> Task goal
For the listing below, show each line that includes the string "Size".

========================================================================

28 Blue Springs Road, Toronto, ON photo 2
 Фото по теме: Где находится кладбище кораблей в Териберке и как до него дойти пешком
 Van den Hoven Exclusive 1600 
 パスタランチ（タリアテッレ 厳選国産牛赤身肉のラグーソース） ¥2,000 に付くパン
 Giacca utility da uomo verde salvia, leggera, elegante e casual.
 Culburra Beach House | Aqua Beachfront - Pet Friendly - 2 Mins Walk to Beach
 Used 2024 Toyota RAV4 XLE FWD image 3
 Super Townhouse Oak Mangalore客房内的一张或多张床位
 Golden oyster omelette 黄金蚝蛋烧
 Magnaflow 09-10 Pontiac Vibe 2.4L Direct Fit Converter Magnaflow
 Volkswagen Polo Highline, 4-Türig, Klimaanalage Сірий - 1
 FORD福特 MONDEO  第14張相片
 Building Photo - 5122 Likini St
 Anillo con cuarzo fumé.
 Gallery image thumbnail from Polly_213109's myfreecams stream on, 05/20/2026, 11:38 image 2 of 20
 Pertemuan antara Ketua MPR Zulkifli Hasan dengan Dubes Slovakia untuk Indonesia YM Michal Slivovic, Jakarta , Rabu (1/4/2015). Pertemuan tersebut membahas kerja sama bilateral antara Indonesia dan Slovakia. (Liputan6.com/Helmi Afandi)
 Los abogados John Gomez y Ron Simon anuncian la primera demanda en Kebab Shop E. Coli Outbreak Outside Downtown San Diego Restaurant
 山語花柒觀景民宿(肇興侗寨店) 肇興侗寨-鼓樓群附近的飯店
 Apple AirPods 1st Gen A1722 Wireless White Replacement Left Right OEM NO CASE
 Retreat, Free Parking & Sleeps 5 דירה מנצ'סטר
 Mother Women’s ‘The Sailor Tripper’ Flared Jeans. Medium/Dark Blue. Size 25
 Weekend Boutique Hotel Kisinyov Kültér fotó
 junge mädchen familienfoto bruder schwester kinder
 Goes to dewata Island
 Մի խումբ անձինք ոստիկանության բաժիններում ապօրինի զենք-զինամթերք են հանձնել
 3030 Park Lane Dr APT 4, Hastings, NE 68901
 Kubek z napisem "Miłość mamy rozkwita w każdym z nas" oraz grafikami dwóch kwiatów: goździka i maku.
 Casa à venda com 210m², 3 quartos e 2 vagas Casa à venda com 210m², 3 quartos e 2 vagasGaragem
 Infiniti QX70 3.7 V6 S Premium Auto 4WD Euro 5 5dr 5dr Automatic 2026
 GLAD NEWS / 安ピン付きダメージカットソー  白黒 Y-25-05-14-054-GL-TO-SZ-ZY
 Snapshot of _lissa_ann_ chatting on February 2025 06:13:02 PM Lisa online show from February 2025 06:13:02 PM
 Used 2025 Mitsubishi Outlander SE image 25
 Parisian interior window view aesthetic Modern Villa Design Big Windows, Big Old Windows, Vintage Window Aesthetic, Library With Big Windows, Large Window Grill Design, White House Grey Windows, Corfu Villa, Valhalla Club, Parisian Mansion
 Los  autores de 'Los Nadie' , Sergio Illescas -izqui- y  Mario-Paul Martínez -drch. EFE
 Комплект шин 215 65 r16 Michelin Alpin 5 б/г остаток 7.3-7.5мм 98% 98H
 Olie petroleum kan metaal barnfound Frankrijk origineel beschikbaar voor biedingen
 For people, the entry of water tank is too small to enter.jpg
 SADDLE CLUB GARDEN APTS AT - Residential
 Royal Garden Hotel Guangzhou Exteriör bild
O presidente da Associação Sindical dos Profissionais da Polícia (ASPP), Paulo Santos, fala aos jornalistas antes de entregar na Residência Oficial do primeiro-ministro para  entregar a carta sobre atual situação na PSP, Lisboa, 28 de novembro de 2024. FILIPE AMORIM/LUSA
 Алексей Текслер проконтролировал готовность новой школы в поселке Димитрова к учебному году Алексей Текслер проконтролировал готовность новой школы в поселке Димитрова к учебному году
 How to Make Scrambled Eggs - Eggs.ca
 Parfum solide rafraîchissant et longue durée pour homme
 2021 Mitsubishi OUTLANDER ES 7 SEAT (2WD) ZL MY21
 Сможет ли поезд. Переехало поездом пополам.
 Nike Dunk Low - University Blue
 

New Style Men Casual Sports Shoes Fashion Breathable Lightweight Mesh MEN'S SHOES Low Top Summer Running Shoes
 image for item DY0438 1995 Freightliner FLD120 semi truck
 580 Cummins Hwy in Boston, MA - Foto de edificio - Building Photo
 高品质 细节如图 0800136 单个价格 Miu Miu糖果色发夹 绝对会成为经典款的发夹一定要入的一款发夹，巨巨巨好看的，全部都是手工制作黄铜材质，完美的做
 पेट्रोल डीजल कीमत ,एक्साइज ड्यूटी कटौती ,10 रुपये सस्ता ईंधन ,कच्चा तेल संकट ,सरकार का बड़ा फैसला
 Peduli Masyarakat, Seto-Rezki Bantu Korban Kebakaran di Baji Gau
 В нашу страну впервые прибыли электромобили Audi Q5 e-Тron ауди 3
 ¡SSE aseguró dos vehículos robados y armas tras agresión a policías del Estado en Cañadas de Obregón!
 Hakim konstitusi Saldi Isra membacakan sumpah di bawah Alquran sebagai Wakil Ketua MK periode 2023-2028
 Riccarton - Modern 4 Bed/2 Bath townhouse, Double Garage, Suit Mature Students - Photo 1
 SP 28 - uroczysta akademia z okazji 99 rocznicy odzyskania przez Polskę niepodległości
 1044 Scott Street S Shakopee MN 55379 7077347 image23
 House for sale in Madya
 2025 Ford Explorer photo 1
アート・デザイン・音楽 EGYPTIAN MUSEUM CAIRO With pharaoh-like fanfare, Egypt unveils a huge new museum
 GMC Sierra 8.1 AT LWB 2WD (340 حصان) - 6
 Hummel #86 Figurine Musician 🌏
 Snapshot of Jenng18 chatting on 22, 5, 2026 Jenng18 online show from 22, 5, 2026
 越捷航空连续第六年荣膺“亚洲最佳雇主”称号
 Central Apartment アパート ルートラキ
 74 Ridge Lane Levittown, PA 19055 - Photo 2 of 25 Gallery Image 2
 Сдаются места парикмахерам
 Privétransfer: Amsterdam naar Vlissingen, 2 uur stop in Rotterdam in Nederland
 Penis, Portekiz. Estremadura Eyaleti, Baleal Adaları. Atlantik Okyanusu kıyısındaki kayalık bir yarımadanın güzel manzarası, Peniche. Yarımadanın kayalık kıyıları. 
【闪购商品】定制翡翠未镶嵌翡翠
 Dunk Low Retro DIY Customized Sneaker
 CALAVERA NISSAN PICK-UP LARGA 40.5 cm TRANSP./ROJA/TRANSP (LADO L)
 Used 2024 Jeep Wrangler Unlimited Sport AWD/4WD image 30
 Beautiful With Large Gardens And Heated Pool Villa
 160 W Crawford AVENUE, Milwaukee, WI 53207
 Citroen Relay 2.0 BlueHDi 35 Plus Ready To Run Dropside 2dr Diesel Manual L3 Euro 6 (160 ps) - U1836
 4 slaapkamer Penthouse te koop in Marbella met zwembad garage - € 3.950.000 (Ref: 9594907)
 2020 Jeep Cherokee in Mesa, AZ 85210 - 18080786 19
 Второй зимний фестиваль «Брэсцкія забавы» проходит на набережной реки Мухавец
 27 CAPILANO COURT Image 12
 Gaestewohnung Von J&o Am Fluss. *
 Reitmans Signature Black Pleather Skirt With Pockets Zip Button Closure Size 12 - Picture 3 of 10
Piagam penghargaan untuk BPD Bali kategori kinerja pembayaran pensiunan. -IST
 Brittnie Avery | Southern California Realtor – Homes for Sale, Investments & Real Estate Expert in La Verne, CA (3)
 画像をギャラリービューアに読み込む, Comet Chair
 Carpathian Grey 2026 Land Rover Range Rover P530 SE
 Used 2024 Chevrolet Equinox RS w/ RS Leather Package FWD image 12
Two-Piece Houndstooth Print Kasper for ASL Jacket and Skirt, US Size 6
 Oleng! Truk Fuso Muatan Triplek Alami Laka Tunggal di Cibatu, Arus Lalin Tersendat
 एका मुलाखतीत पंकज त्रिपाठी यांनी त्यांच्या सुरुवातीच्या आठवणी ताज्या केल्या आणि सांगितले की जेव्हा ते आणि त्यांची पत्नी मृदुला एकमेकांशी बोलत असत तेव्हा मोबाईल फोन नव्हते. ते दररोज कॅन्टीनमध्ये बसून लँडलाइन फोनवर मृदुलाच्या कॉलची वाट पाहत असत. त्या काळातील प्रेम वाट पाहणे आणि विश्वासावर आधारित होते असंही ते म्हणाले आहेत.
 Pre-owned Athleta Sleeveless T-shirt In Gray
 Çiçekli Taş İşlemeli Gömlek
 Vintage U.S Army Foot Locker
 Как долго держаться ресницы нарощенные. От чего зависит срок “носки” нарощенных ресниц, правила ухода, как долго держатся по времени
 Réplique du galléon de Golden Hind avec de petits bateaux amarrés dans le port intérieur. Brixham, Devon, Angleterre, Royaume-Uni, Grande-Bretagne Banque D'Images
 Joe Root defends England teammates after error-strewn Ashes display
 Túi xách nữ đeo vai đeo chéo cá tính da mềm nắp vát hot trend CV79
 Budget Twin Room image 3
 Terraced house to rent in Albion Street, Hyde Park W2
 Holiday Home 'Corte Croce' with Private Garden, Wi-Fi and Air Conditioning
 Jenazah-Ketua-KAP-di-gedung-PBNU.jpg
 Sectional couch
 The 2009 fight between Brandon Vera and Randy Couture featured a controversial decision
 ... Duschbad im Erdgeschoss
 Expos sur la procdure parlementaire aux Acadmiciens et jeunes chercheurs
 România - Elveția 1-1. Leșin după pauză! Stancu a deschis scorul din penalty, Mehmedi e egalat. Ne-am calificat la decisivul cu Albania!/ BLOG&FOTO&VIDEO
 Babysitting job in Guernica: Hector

========================================================================

> Exercise response
 Mother Women’s ‘The Sailor Tripper’ Flared Jeans. Medium/Dark Blue. Size 25
 Reitmans Signature Black Pleather Skirt With Pockets Zip Button Closure Size 12 - Picture 3 of 10
Two-Piece Houndstooth Print Kasper for ASL Jacket and Skirt, US Size 6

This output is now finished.